Critics of the Supreme Court’s ruling that the Obamacare contraceptive mandate must include exemptions for business owners whose religion does not permit them to purchase birth control pills and possible abortifacients are howling with indignation. Women are going to be prevented from having access to birth control! The ruling will result in more unwanted pregnancies and thus more abortions!
But the ruling itself simply makes the remedy already given to churches and religious organizations available to religious individuals who own businesses. Those who claim the religious exemption will not have to pay for contraceptive coverage in the insurance plans they make available to their employees. But the insurance companies will have to provide a separate policy that does so at no extra charge to the employees. Thus, as the court said, all women will still get free birth control. Even the employees of Hobby Lobby.
This arrangement, which is how churches and church institutions will have to operate, is arguably just an accounting trick to salve consciences, and it is surely inadequate to truly protect pro-life principles, but this is where we stand now. And it’s certainly no reason for the left’s doomsday war-on-women rhetoric. Those critics have over-reacted without having read the decision or learned about what it says.
From Julian Sanchez, The Republic of Gilead is Not Nigh | Cato @ Liberty:
If you were judging only from the outraged reaction online, you could be forgiven for thinking that the Supreme Court’s ruling in Burwell v. Hobby Lobby had just mandated the adoption of Margaret Atwood’s The Handmaid’s Tale as the blueprint for American society. Yet as my colleague Ilya Shapiro notes, there’s a profound disconnect between all the rhetoric about “denial of access” to contraception and the substance of the ruling.

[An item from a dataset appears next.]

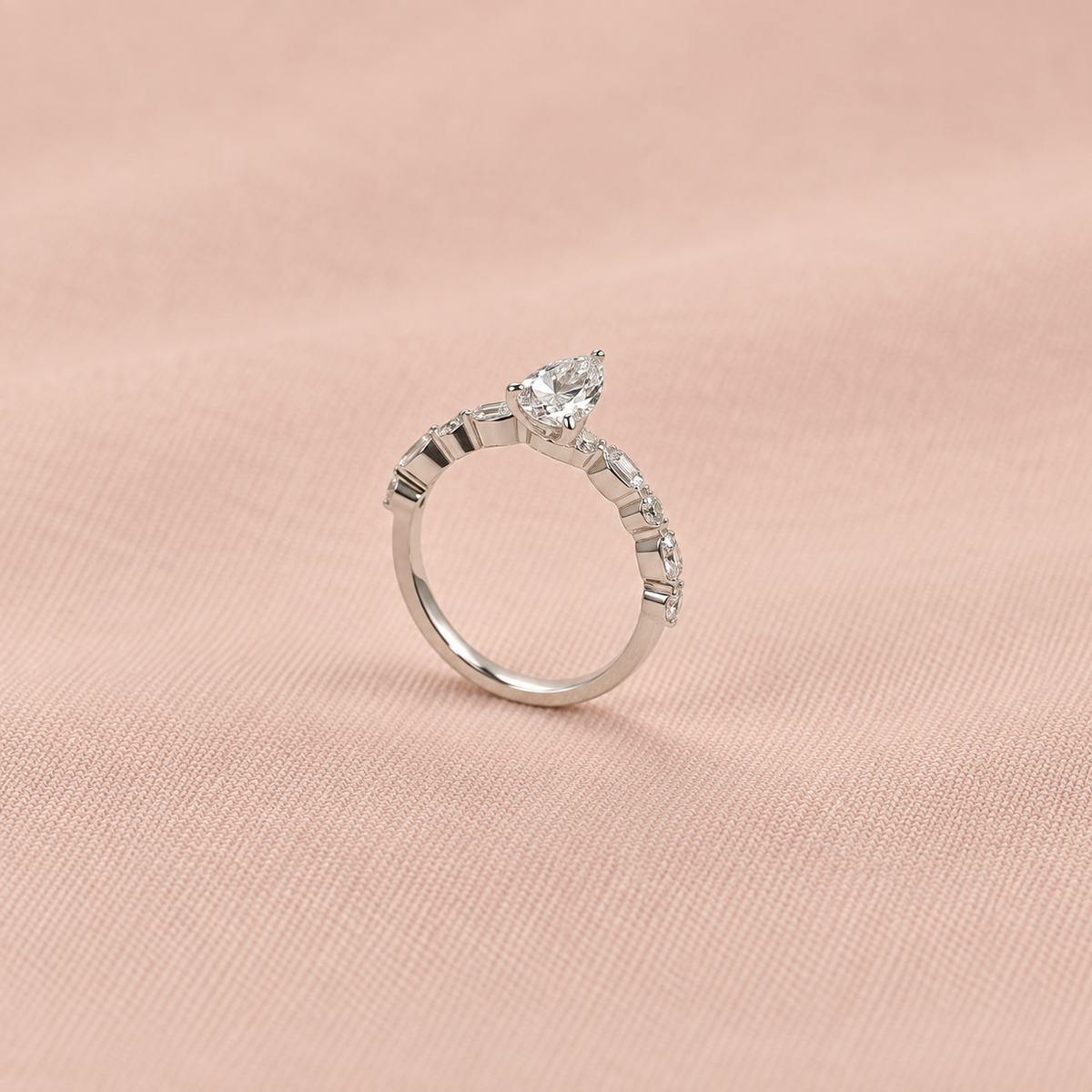 Zaina Serra lab grown diamond ring in 14k Rose Gold, detail view 4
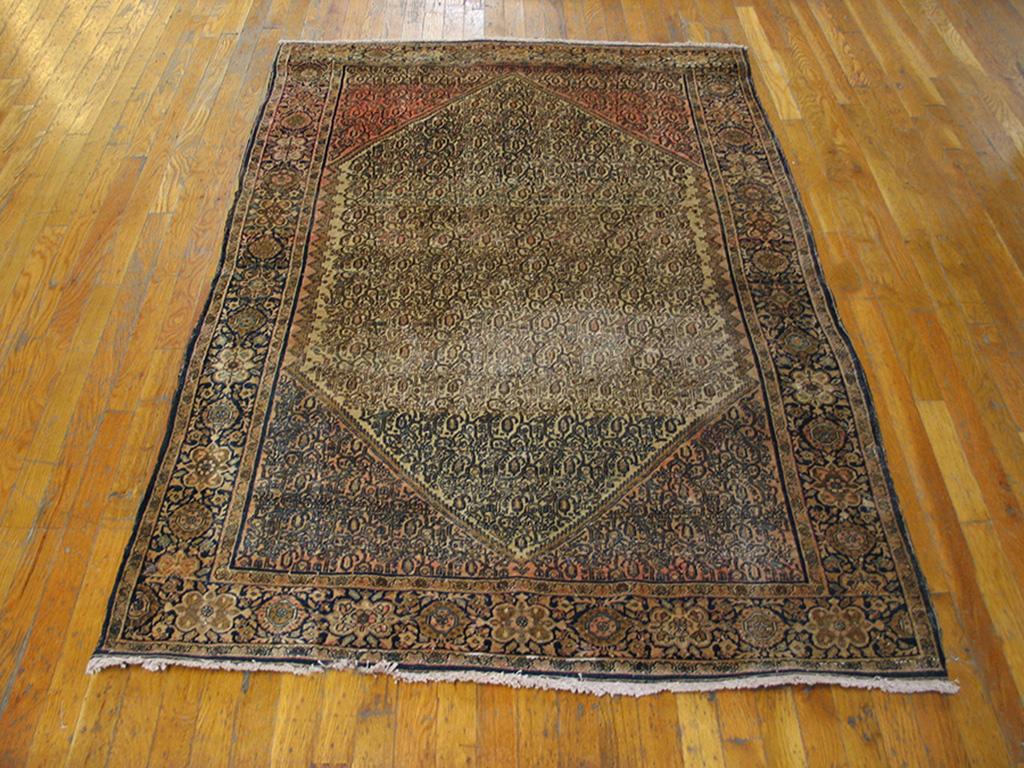 Antique Persian Sarouk rug, Size; 4'2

At the heart of the majority’s opinion is this: The Department of Health and Human Services has already developed a way to exempt religious non-profit corporations—such as churches, charities, and hospitals—from the legal mandate to pay for employees’ contraception coverage. In what amounts to an accounting trick, they permit those corporations to purchase plans without such coverage, and then require that insurance companies themselves independently provide it to the uncovered employees. Because pregnancy is quite a bit more expensive than contraception, this apparently ends up not imposing any additional net cost on the insurers. The result is that employees of religious non-profits end up with no-copay contraception coverage, exactly as if the employer were required to provide it directly, but the employers are satisfied by this ledger shuffling that they aren’t being compelled to violate their most deeply held moral convictions. Which, one would think, is a win-win.
Against this background, the Court simply held that since HHS has already found a way to achieve the government’s aim of ensuring employees have access to free contraception without compelling non-profit employers to act against their profound religious convictions, they must do the same in the case of for-profit employers, at least where the for-profit corporation is “closely held.” The majority quite explicitly denied this ruling has any implications for cases where there might not be such a happy win-win means of achieving the government’s ends, at no additional cost, without forcing employers to violate their convictions. As Justice Alito’s opinion emphasizes:
The effect of the HHS-created accommodation on the women employed by Hobby Lobby and the other companies involved in these cases would be precisely zero. Under that accommodation, these women would still be entitled to all FDA-approved contraceptives without cost sharing.
In light of this, the outraged reaction to the ruling ought to seem a bit puzzling. If what you are fundamentally concerned about is whether women have access to no-copay contraception, then there’s no obvious reason to invest such deep significance in the precise accounting details of the mechanism by which it is provided. You might even be heartened by a ruling that so centrally turns on the premise that accomodation for religious objectors is required when no women will lack such coverage who would have enjoyed it under a mandate.
The outrage does make sense, of course, if what one fundamentally cares about—or at least, additionally cares about—is the symbolic speech act embedded in the compulsion itself. In other words, if the purpose of the mandate is not merely to achieve a certain practical result, but to declare the qualms of believers with religious objections so utterly underserving of respect that they may be forced to act against their convictions regardless of whether this makes any real difference to the outcome. And something like that does indeed seem to be lurking just beneath—if not at—the surface of many reactions. The ruling seems to provoke anger, not because it will result in women having to pay more for birth control (as it won’t), but at least in part because it fails to send the appropriate cultural signal. Or, at any rate, because it allows religious employers to continue sending the wrong cultural signal—disapproval of certain forms of contraception—when sending that signal does not impede the achievement of the government’s ends in any way.